SANTA CLARA — NVIDIA released its open omni-model NVIDIA Cosmos 3 for physical AI reasoning and action on June 1, 2026. The model is available on Hugging Face and integrates with the Hugging Face Diffusers library through the Cosmos3OmniPipeline.
NVIDIA Cosmos 3 combines world generation, physical reasoning, and action generation in one unified architecture. It processes multiple modalities—text, image, video, audio, and action—within a single system built on a Mixture-of-Transformers (MoT) architecture. The model can generate realistic and physically plausible video worlds from text, images, videos, or action inputs, and it supports tasks such as text-to-video, text-to-action, image-to-video-and-action, and action-to-video.
The system uses dedicated encoders for each input type: a Vision Transformer (ViT) for visual understanding, a Variational Autoencoder (VAE) for visual and audio generation, and domain-aware vectors for actions.
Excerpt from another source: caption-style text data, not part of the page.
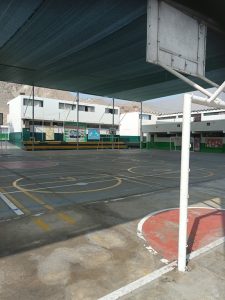 Institución Educativa 1230 Sulpicio García Peñaloza — foto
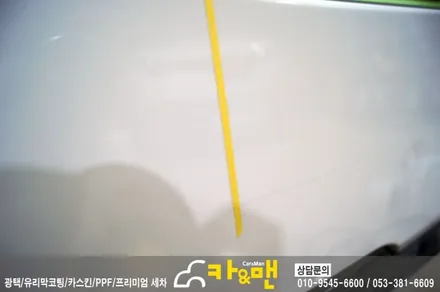 대구 520d ppf 생활보호 패키지/도어스텝 카본 시공/카앤맨 / 대구 북구 검단동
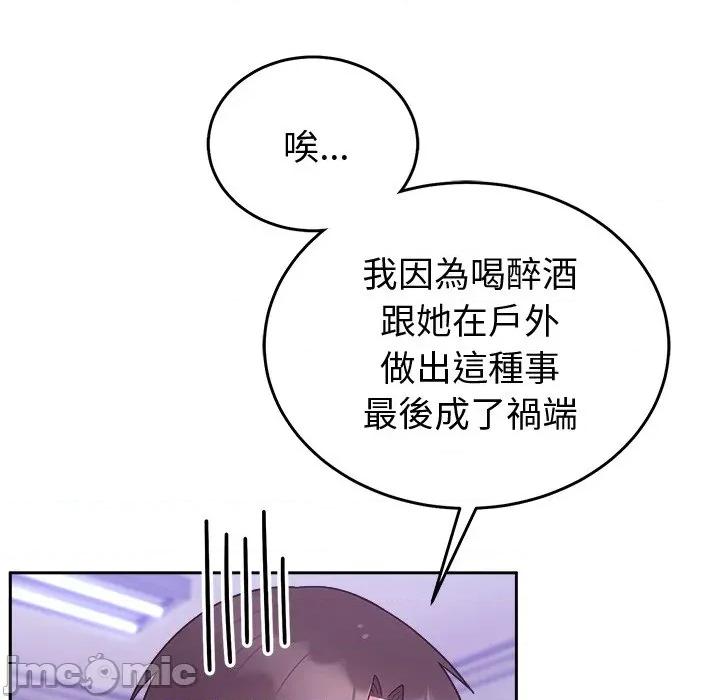 說不出口的秘密 說不出口的祕密-說不出口的祕密 第46話 第116页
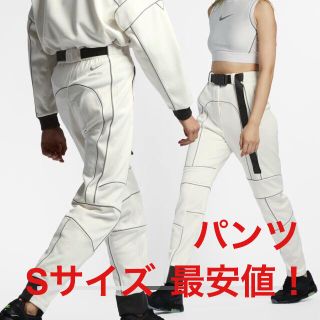 アンブッシュ(AMBUSH)の送料込！ NIKE AMBUSH パンツ Sサイズ 最安値 アンブッシュ(その他)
Within the model, input sequences are split into an autoregressive (AR) subsequence for reasoning and a diffusion (DM) subsequence for generation. AR and DM tokens use separate parameter sets in each transformer layer but interact through joint attention mechanisms.
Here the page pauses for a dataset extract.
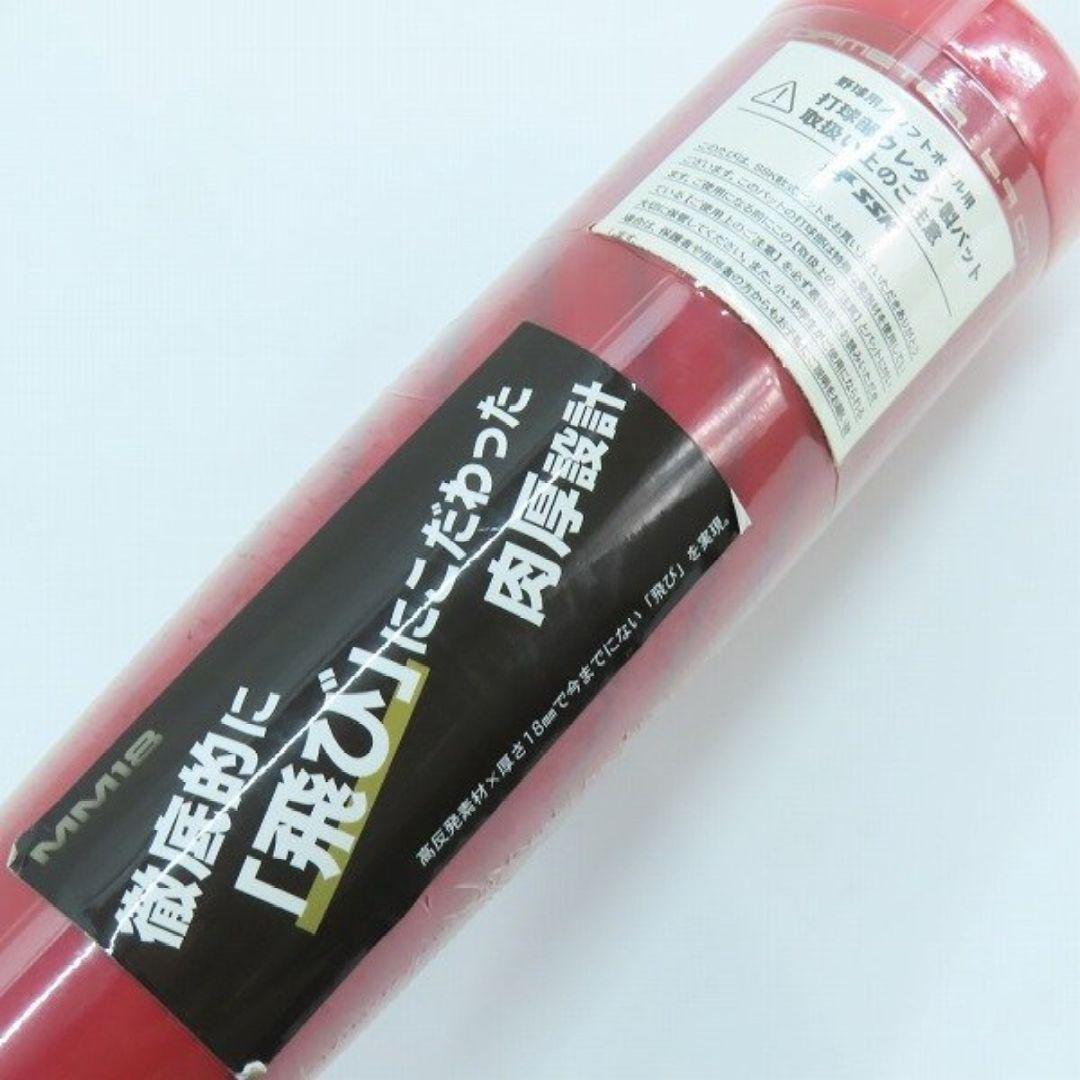 SSK MM18 83cm　限定モデル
NVIDIA Cosmos 3 can reason about physical properties including motion, causality, and spatial relationships, and it predicts future video and action sequences based on the current state. For optimal results, NVIDIA recommends using detailed narrative paragraphs for video generation prompts and concise, spatially referenced prompts for action generation.
Two model sizes are available. NVIDIA Cosmos 3 Nano is an 8-billion-parameter model with an 8B reasoner and an 8B generator, optimized for efficient inference on workstation-grade hardware like the RTX PRO 6000 GPU. NVIDIA Cosmos 3 Super is a 32-billion-parameter model with a 32B reasoner and a 32B generator, designed for large-scale synthetic data generation and research, and runs on NVIDIA Hopper and Blackwell GPUs. Both models are accessible on Hugging Face under nvidia/Cosmos3-Nano and nvidia/Cosmos3-Super, respectively.
Alongside the model release, NVIDIA published open synthetic data generation (SDG) datasets for physical AI, created by various NVIDIA teams and made available on Hugging Face. Post-training scripts for custom data training are also accessible on GitHub.
No independent assessment was available for this report.